E.W. “Bill” Hunke Jr., whose handprints are all over the history of Arizona Southern Baptists, as well as Southern Baptists in the West, died Oct. 31 in Sun Lakes. He was 92.

Hunke first came to Arizona in 1954 as a Baptist General Convention of Arizona (now Arizona Southern Baptist Convention) general missionary serving Yuma, Gila Valley, San Carlos and Mt. Graham associations. With church planting among his responsibilities, a number of churches in those associations can trace their birth back to his influence.

In 1957, Hunke became secretary (director) of the Arizona convention’s newly created department of stewardship and church finance, and the responsbiliity of missions was added the following year. He became associate executive secretary-treasurer, while continuing to serve as director of missions, during the 1959-60 convention year. Among his responsibilities before becoming executive director of the Alaska Baptist Convention in 1966 was a stint as interim editor of Arizona’s Baptist Beacon.

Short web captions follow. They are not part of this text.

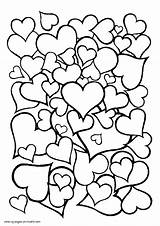 Coloring Hearts Pages Sheet Heart Printable Many Print Templates Holiday Find Colour Time sketch template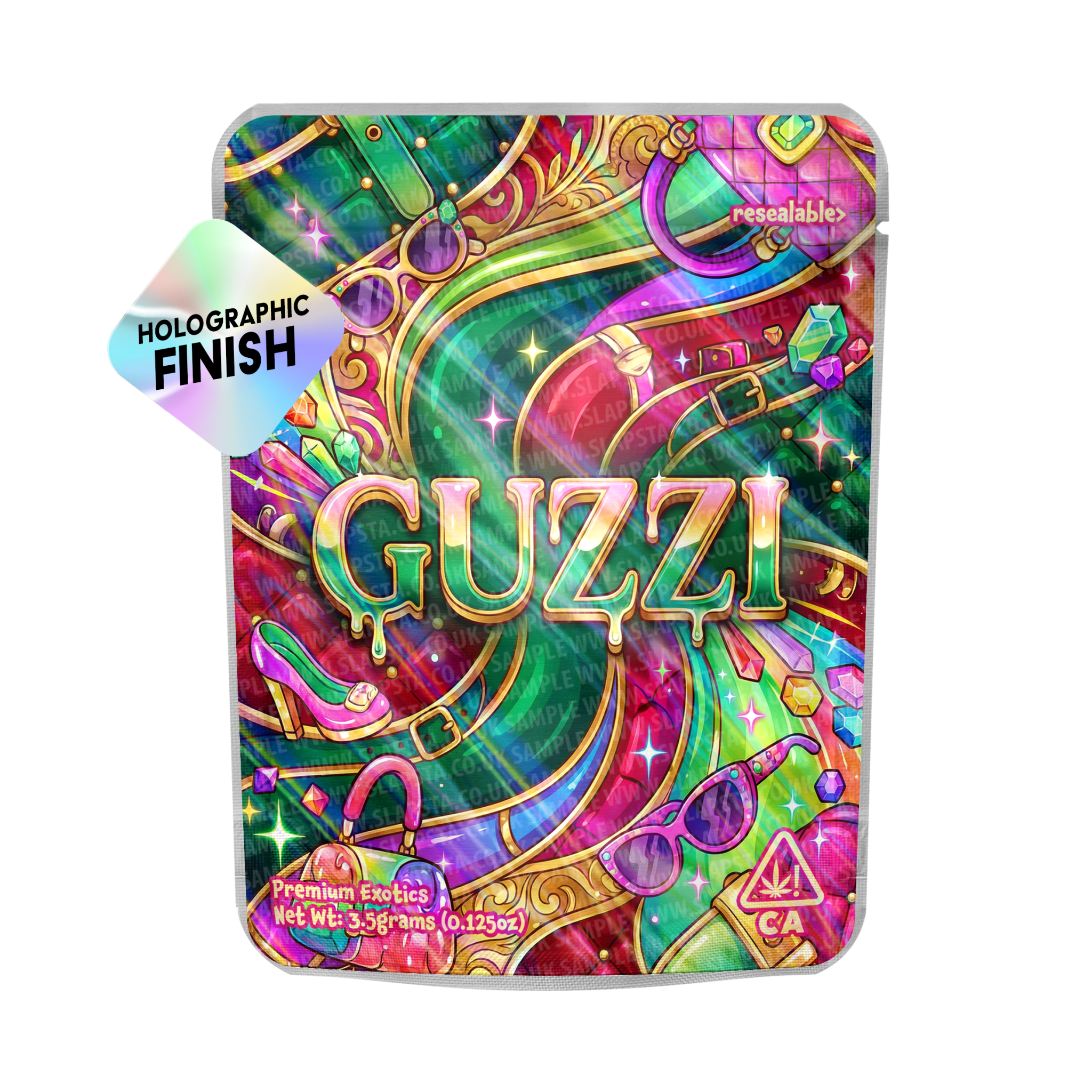 Guzzi Mylar Sticker Packs Guzzi Mylar Sticker Packs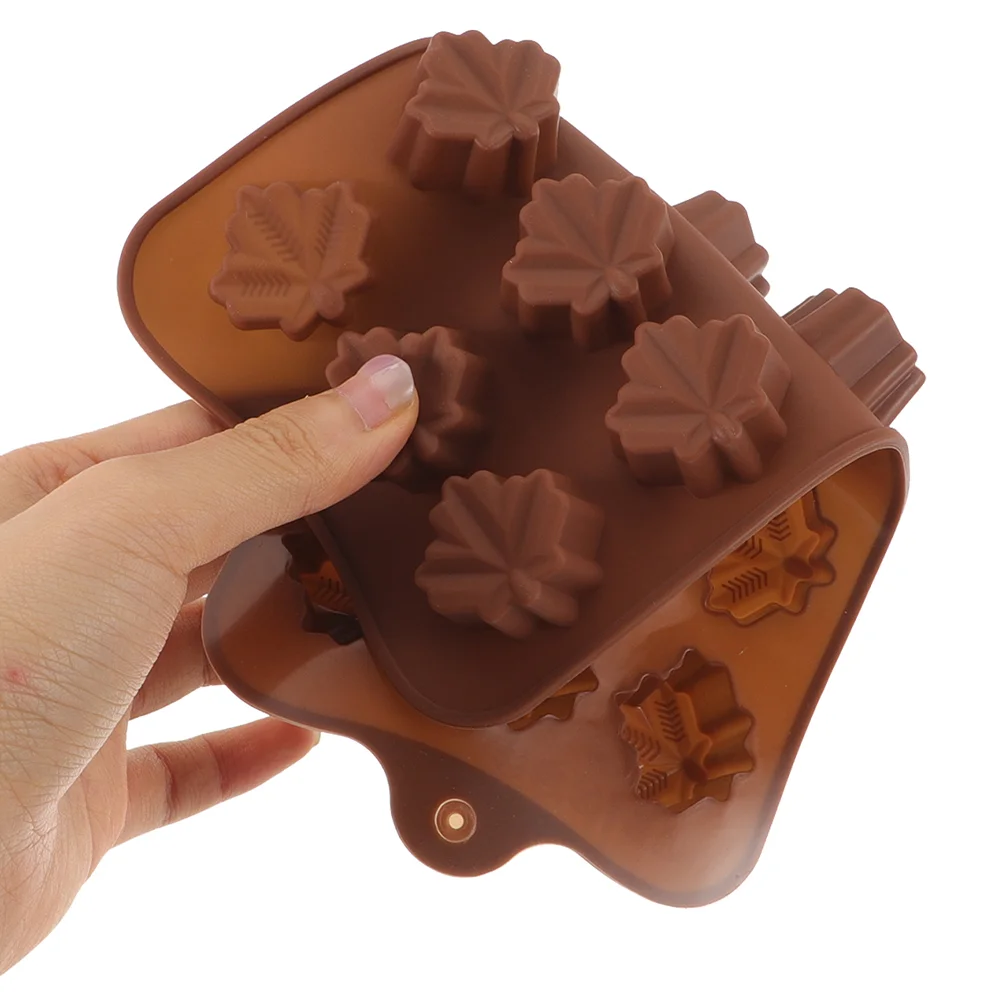 Шоколадные формы силиконовые для кленового листа инструменты изготовления форм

In 1971, Hunke moved to Atlanta, where he served as the western regional coordinator for the Baptist Home Mission Board (now North American Mission Board). With a responsibility for establishing missions across the western U.S. and Canada, he once again had an influence on Arizona Southern Baptist work.

In 1986, Bill and his wife, Naomi, moved to Sedona to retire, but he didn’t stop serving and working. He became director of evangelism/missions for Grand Canyon Baptist Association and was instrumental in the start of Village Park Baptist Church, Sedona.

In 1993, he served as interim president of the Canadian Southern Baptist Seminary in Cochrane, Alberta.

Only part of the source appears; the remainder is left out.